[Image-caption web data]
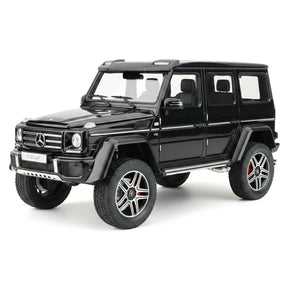 [AutoArt] 1:18 Mercedes-Benz 2015 G500 Modello Nero 4x4 Quadrato in Metallo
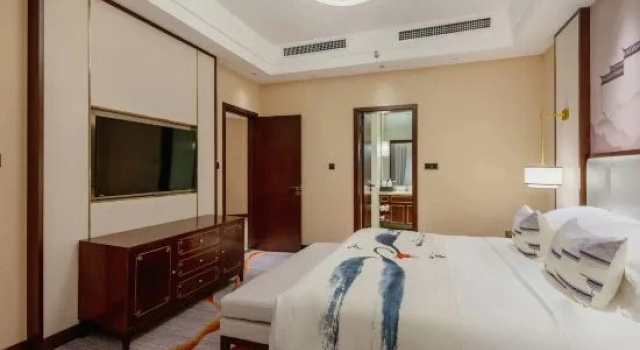 Двухместный люкс Deluxe Wuhu Macrolink Legend Hotel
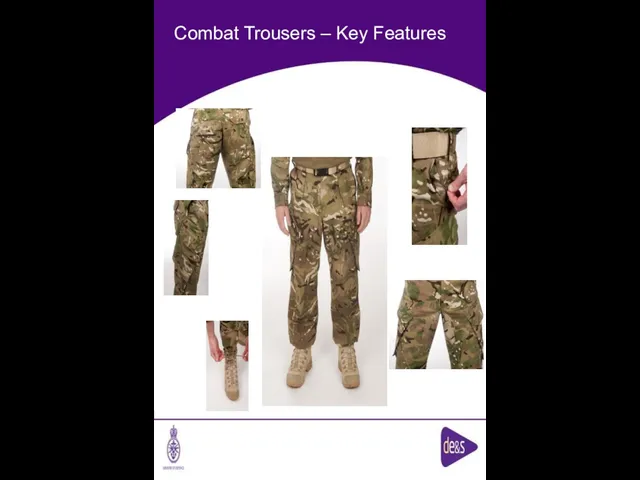 Combat Trousers – Key Features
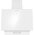 Вытяжка Weissgauff Yota 500 Touch White Glass 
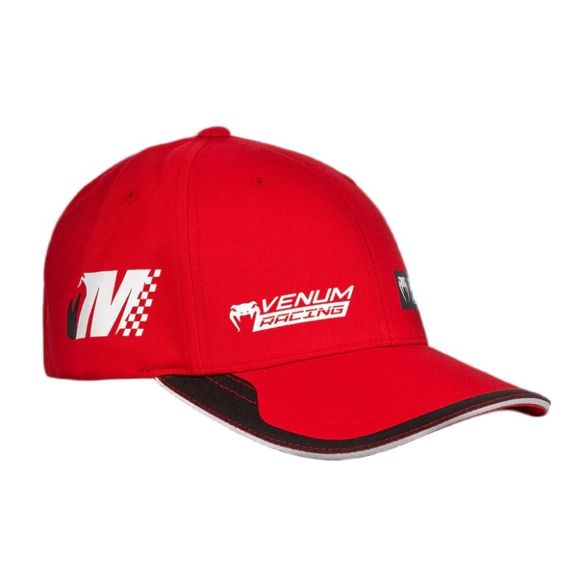 Venum Motorsport Cap - RedRef: VEN0031
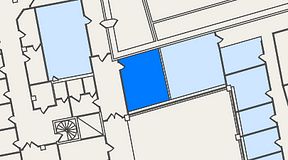 Planritning för THE WORKS Medborgarplatsen, 1 privata rum, 32 m²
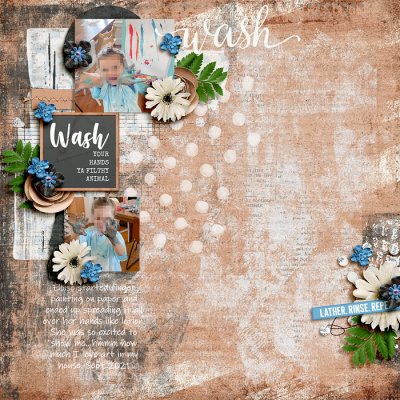 wash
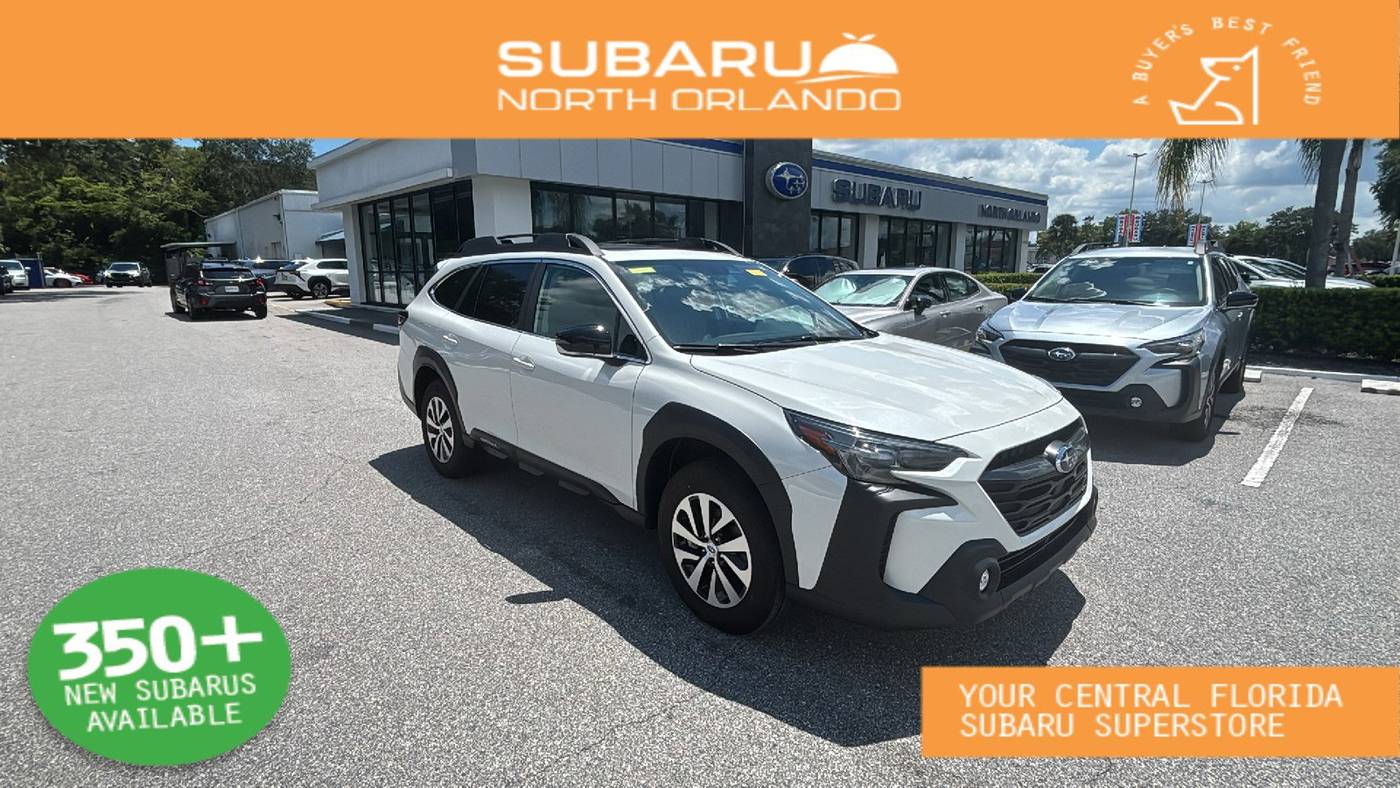 2025 Subaru Outback Premium — SUV — 4,170 mi — Sanford, FL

— Instructions for the task —
Every line above should be retyped exactly; the pictures do not belong in the copy.

— Solution to the exercise —
 [AutoArt] 1:18 Mercedes-Benz 2015 G500 Modello Nero 4x4 Quadrato in Metallo
 Двухместный люкс Deluxe Wuhu Macrolink Legend Hotel
 Combat Trousers – Key Features
 Вытяжка Weissgauff Yota 500 Touch White Glass 
 Venum Motorsport Cap - RedRef: VEN0031
 Planritning för THE WORKS Medborgarplatsen, 1 privata rum, 32 m²
 wash
 2025 Subaru Outback Premium — SUV — 4,170 mi — Sanford, FL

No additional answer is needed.